The dollar ticked higher amid a broadly calmer tone in markets. This is because the fears over Omicron’s impact eased. But the currency moves were muted ahead of a key U.S. payrolls report. The path to earlier Federal Reserve interest rate hikes can be cleared by this. Scientists in South Africa, said that existing vaccines should still protect against severe disease and death. This is where the Omicron was first discovered. The three Omicron cases identified in the U.S. also all displayed mild symptoms.
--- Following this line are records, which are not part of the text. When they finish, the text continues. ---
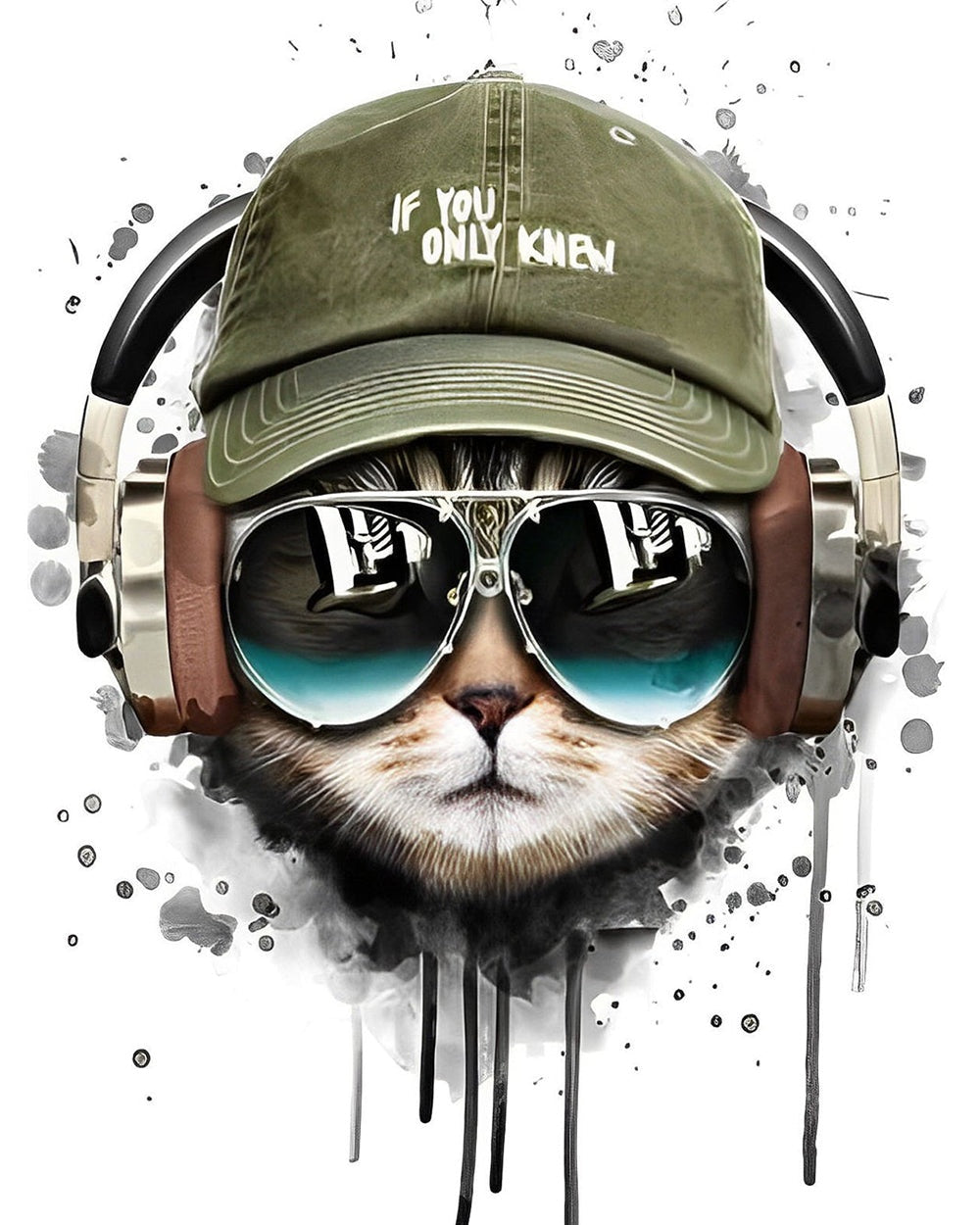 Cool cat with headphones cross stitch kit for beginners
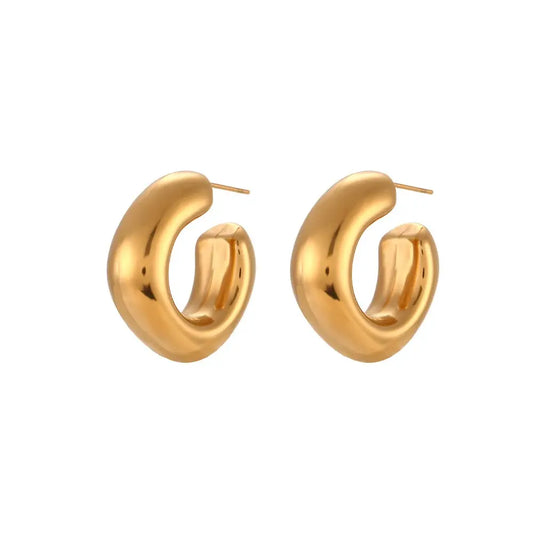 18K Stainless Steel Hoops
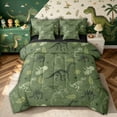 thumbnail image 1 of meiyoeat Green Skeleton Dinosaur Full Size Bedding Sets for Boys, Camouflage Bone Full Size Bed in a Bag, Olive, Black Reversible, 7pcs, 1 of 5
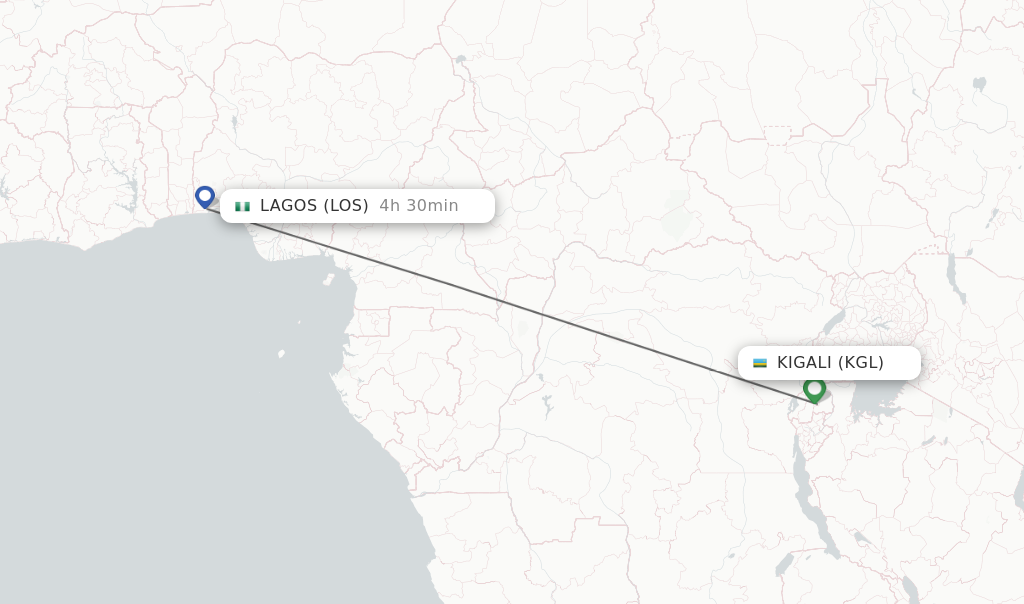 Flights from Kigali to Lagos route map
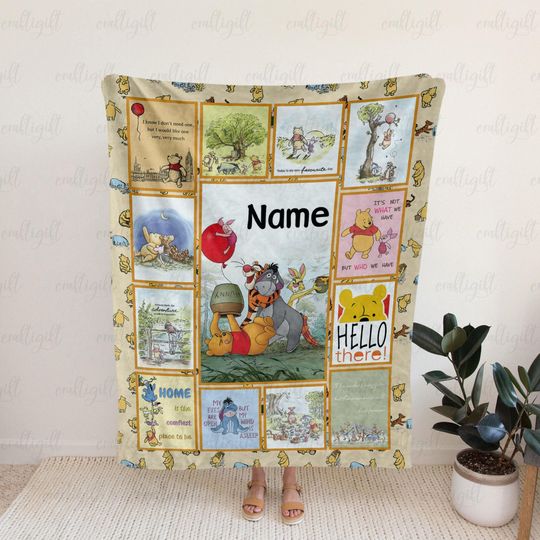 Discover Winnie The Pooh Customizable Name Blanket, Disney Pooh Bear Blanket, Eeyore Tigger Piglet Pooh Blanket, Winnie The Pooh Nursery Decor,NVA760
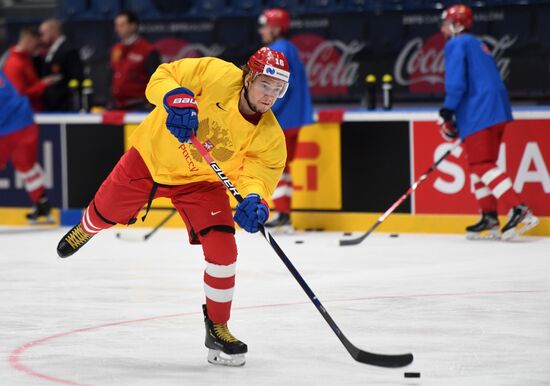 Хоккей. Чемпионат мира. Тренировка сборной России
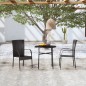 vidaXL Juego de comedor para jardín 3 piezas ratán sintético negro vidaXL Juego de comedor para jardín 3 piezas ratán sintético negro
Fed officials joined Chair Jerome Powell in striking hawkish stances. San Francisco Fed President Mary Daly said that it may be time to start crafting a plan to raise rates to combat inflation. Richmond Fed President Thomas Barkin throws his support for normalizing policy. Tapas Strickland, a director for economics at National Australia Bank, wrote in a client note, that Fed talk overnight was undeniably hawkish. Omicron headlines were net positive overnight.
This helps risk sentiment to recover. The dollar index, edged higher for a third day. The dollar is little changed, despite a steep drop. The index had plunged 0.70%. Powell reiterated in testimony to Congress that he and fellow policymakers will consider swifter action at their upcoming meeting. Economists estimate that the United States created 550,000 new jobs. Money market see high odds that the Fed will raise the target rate by a quarter point. The dollar slipped 0.09% to 113.10 yen. The euro was little changed at $1.13025. Australian dollar eased 0.12% to $0.7084.
The European Central Bank and Reserve Bank of Australia have stuck to dovish stances, pushing back against market bets that policymakers will be forced to bow to inflationary pressures. Commonwealth Bank of Australia strategist Joseph Capurso wrote in a report that, they continue to expect near‑term AUD moves will be driven by Omicron. The risk remains a dip below $0.7000. Capurso said that the U.S. labour market takes centre stage and should keep currency markets quiet.